The data
########
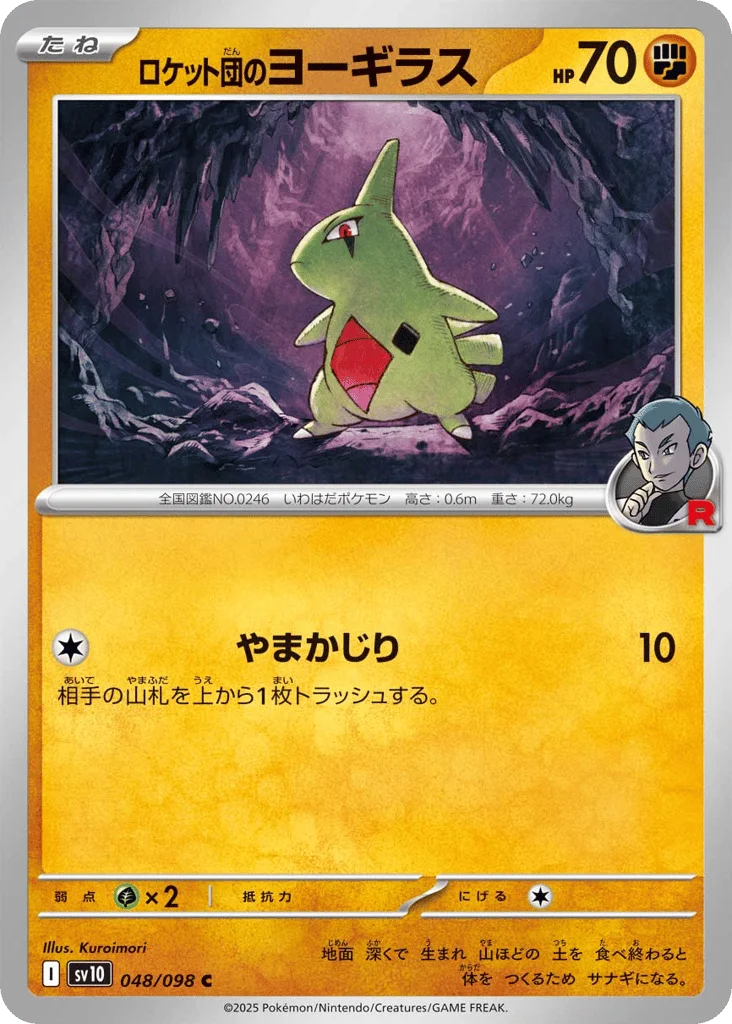 Team Rocket's Larvitar · Glory of Team Rocket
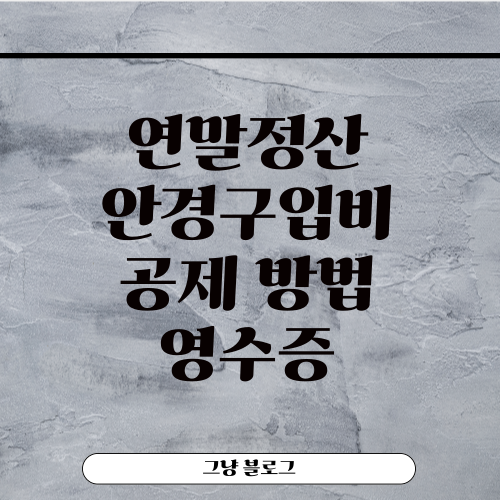 연말정산 안경구입비-공제 방법-영수증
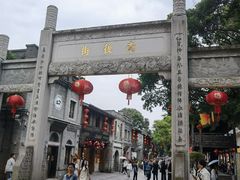 -三坊七巷历史文化街区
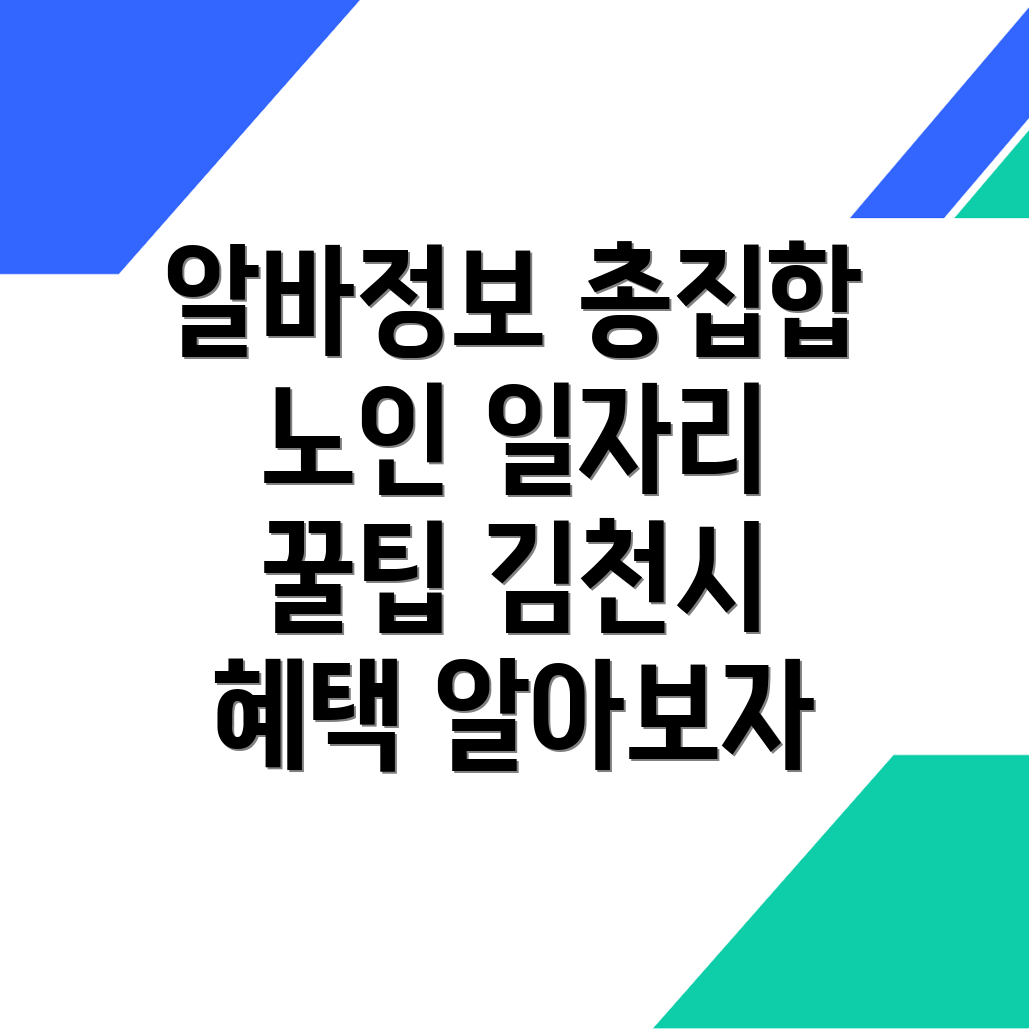 김천시 일자리센터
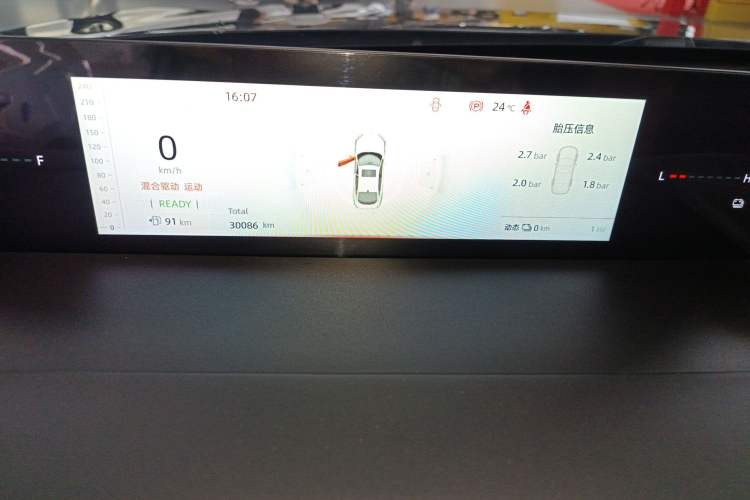 Used Qiyuan A05 2024 145 Max
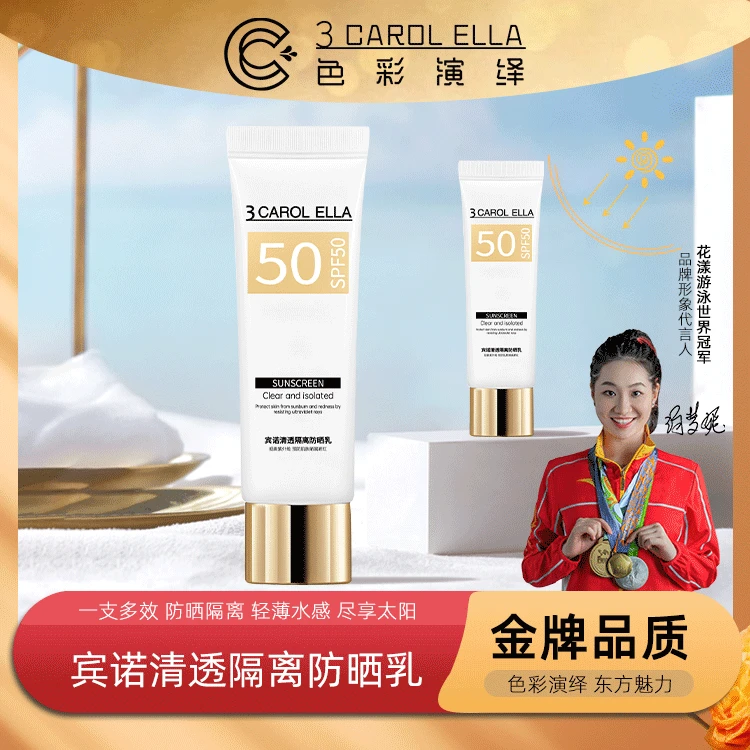 【老甘专属】6833# 3 CAROL ELLA宾诺清透隔离防晒乳SPF50防晒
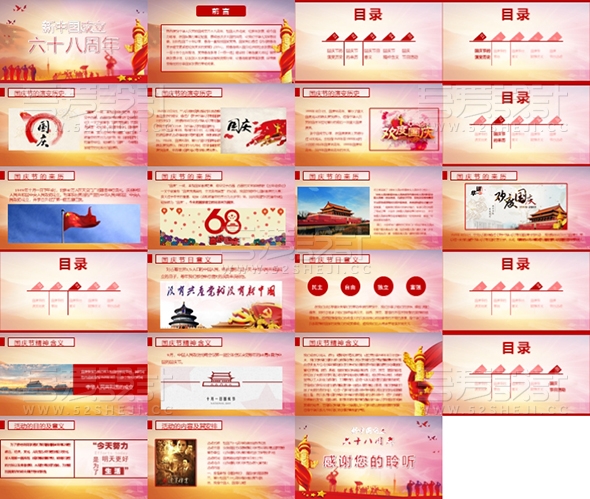 欢度国庆周年庆典主题动态PPT模板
########
Your instructions
Could you retype all the entries exactly, skipping the pictures?

Result of the exercise
 Team Rocket's Larvitar · Glory of Team Rocket
 연말정산 안경구입비-공제 방법-영수증
 -三坊七巷历史文化街区
 김천시 일자리센터
 Used Qiyuan A05 2024 145 Max
 【老甘专属】6833# 3 CAROL ELLA宾诺清透隔离防晒乳SPF50防晒
 欢度国庆周年庆典主题动态PPT模板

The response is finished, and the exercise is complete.